• **What you will do**: Repeat the data exactly. Pictures stay out.

• **Given information**:
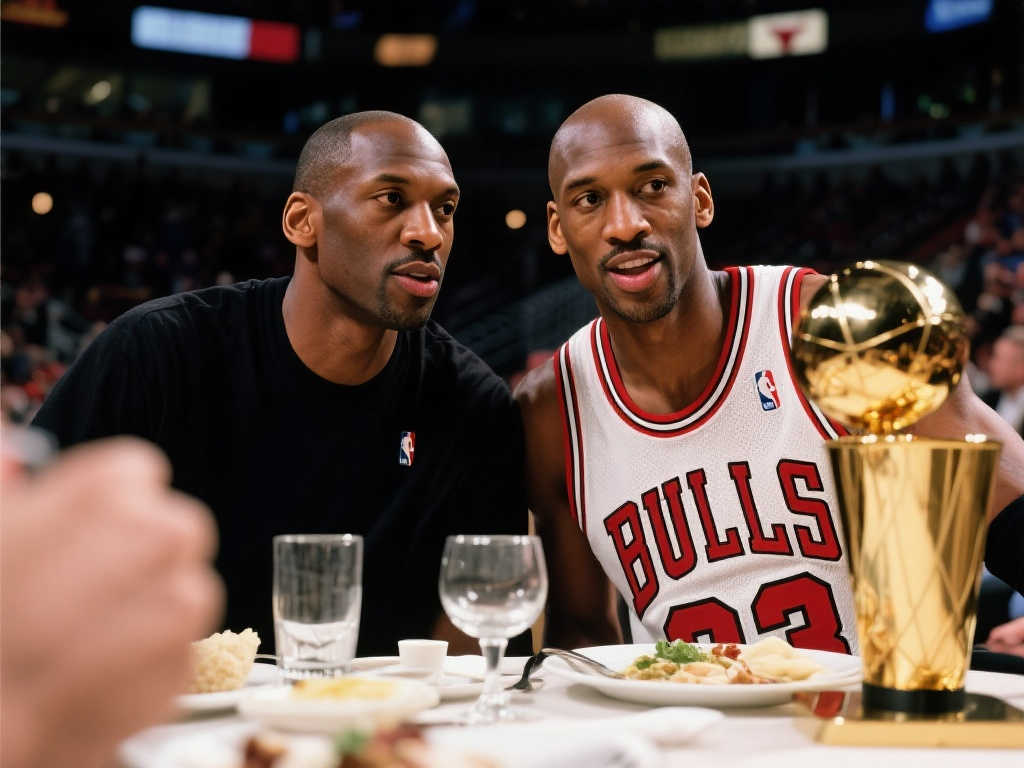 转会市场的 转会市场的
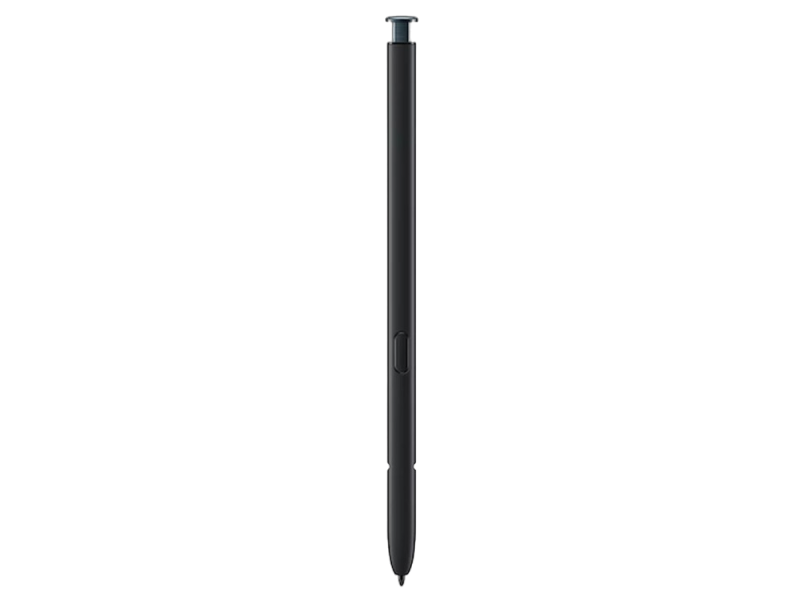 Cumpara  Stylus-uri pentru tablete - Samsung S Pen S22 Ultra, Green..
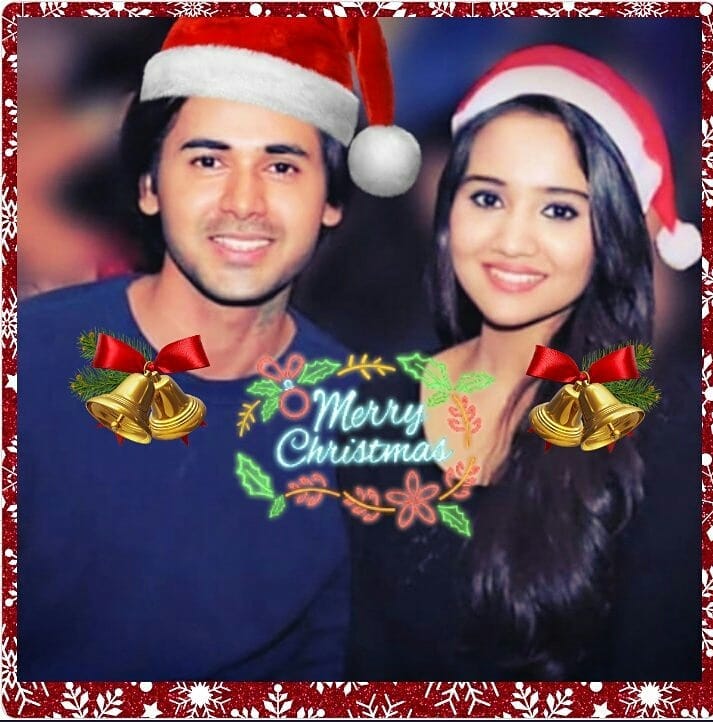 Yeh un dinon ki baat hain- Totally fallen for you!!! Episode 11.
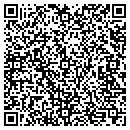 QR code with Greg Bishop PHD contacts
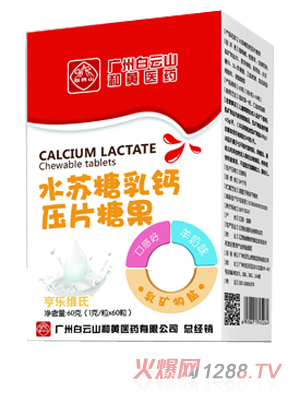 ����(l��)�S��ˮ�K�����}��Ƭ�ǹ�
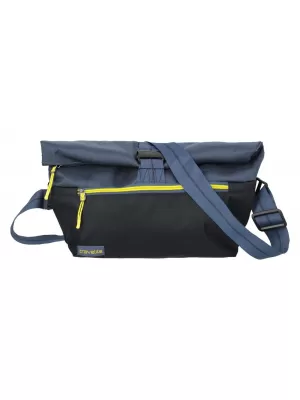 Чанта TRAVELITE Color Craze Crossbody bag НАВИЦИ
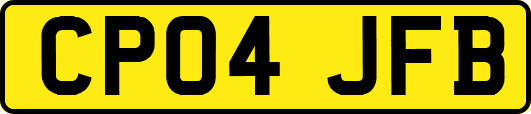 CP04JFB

• **Answer to the problem**:
 转会市场的 转会市场的
 Cumpara  Stylus-uri pentru tablete - Samsung S Pen S22 Ultra, Green..
 Yeh un dinon ki baat hain- Totally fallen for you!!! Episode 11.
 QR code with Greg Bishop PHD contacts
 ����(l��)�S��ˮ�K�����}��Ƭ�ǹ�
 Чанта TRAVELITE Color Craze Crossbody bag НАВИЦИ
 CP04JFB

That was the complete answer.